What you will do: The whole listing is to be given again without alteration, except that its pictures are dropped.

Recorded data:
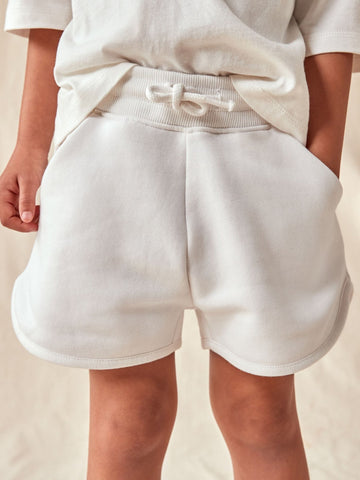 White Plain Jersey Shorts (3-16yrs)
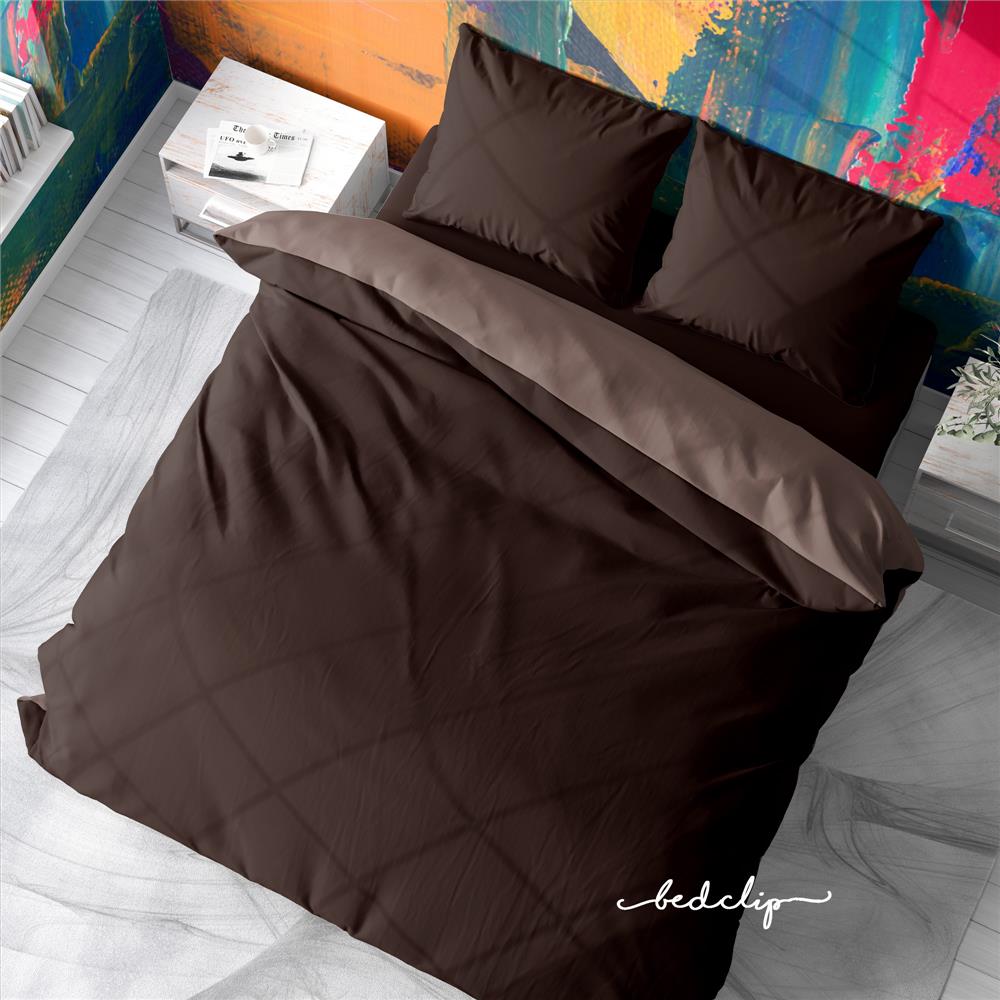 ชุดผ้าปูที่นอน 5 ฟุต 3 ชิ้น BED CLIP MICROTEX สีน้ำตาลเข้ม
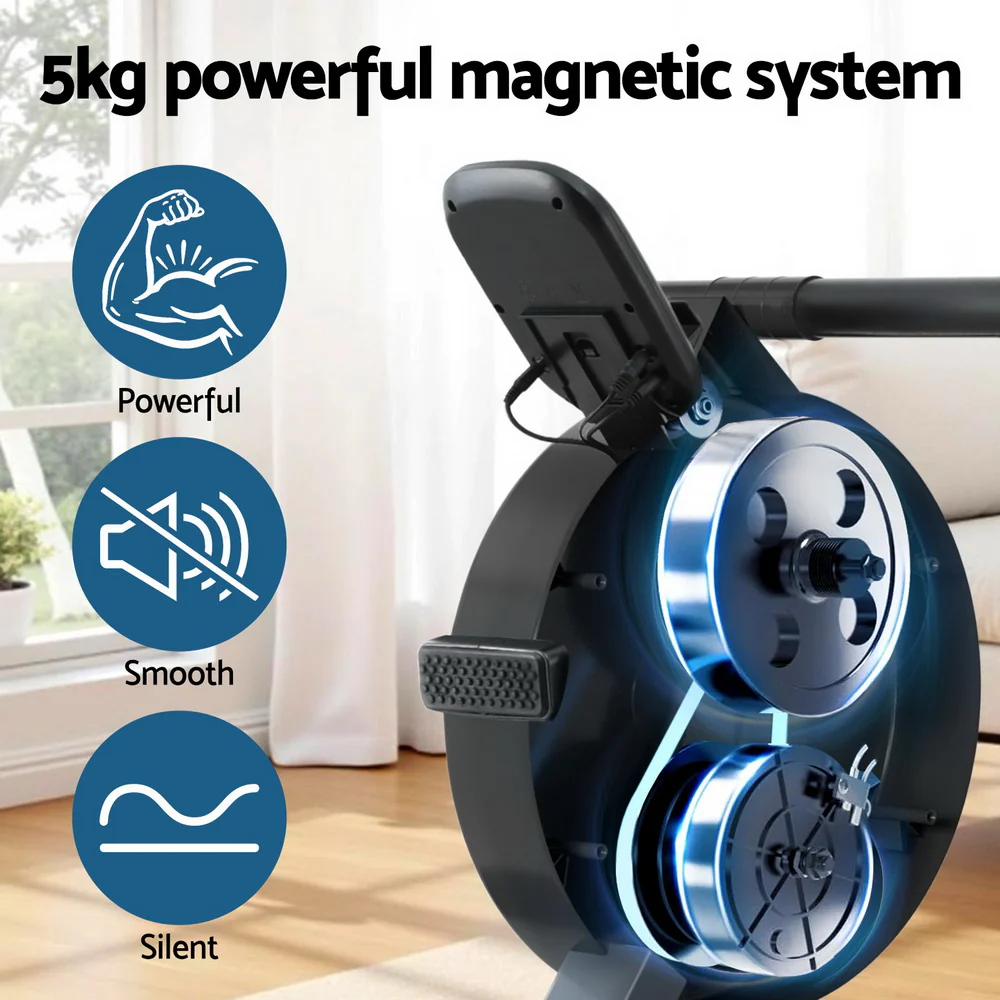 Everfit 16 Level Magnetic Rowing Machine for Home with App Connect Walnut - Image 5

Answer to the problem:
 White Plain Jersey Shorts (3-16yrs)
 ชุดผ้าปูที่นอน 5 ฟุต 3 ชิ้น BED CLIP MICROTEX สีน้ำตาลเข้ม
 Everfit 16 Level Magnetic Rowing Machine for Home with App Connect Walnut - Image 5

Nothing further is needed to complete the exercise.